Vorarlberg ORF.at
MI | 11.04.2012
Klasse (Bild: ORF.at/Carina Kainz)
BILDUNG
Auch Volksschule Dünserberg sperrt zu
Nach Warth wird auch die Volksschule Dünserberg ihre Pforten am heurigen Schulbeginn geschlossen halten. Nur fünf Schüler hätten die Schule besucht - sie werden künftig in die Volksschule im vier Kilometer entfernten Düns gehen.
"Stück Identität geht verloren"
Fünf Schüler sind in Zeiten des Lehrermangels zu wenig, um eine Schule offen zu halten. Diesem Argument kann sich auch der bisherige Direktor der Volksschule Dünserberg, Herbert Dünser, nicht verschließen - obwohl er sagt, ihm tue die Schließung sehr leid.
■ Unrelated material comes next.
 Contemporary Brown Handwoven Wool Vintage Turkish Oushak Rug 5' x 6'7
Es gehe ein Stück Identität der Gemeinde verloren.
Ebniter Schule mit acht Schülern bleibt offen
Eine Schule mit nur acht Schülern ist die Volksschule Ebnit. An Schließung wird hier aber nicht gedacht, sagt Bürgermeister Wolfgang Rümmele.
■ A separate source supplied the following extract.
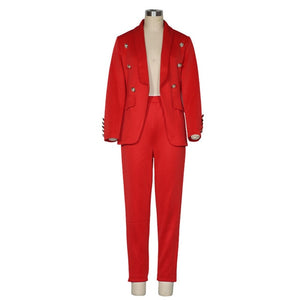 Women Blazer Sets Solid Color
Man habe ins Ebnit stark investiert und von Seiten der Stadt Baugründe zur Verfügung gestellt. Die Zahlen gingen etwas nach oben. Für Dornbirn sei es wichtig, dass die Einwohnerzahlen in der Bergparzelle - einem "Juwel" auch hinsichtlich der Infrastruktur, wie Rümmele sagt - stabil blieben.
Einklassige Schulen sollen unter gemeinsame Leitung gestellt werden.
38 Schulen haben unter 26 Schüler
Die Erhaltung von Klein- und Kleinstschulen ist einer der Gründe, warum das österreichische Schulsystem vergleichsweise teuer ist. In Vorarlberg gibt es 38 Schulen mit 25 Schülern und weniger. Laut Landesrat Siegmund Stemer (ÖVP) gibt es im Land derzeit 16 Schulen mit weniger als 16 Schülern.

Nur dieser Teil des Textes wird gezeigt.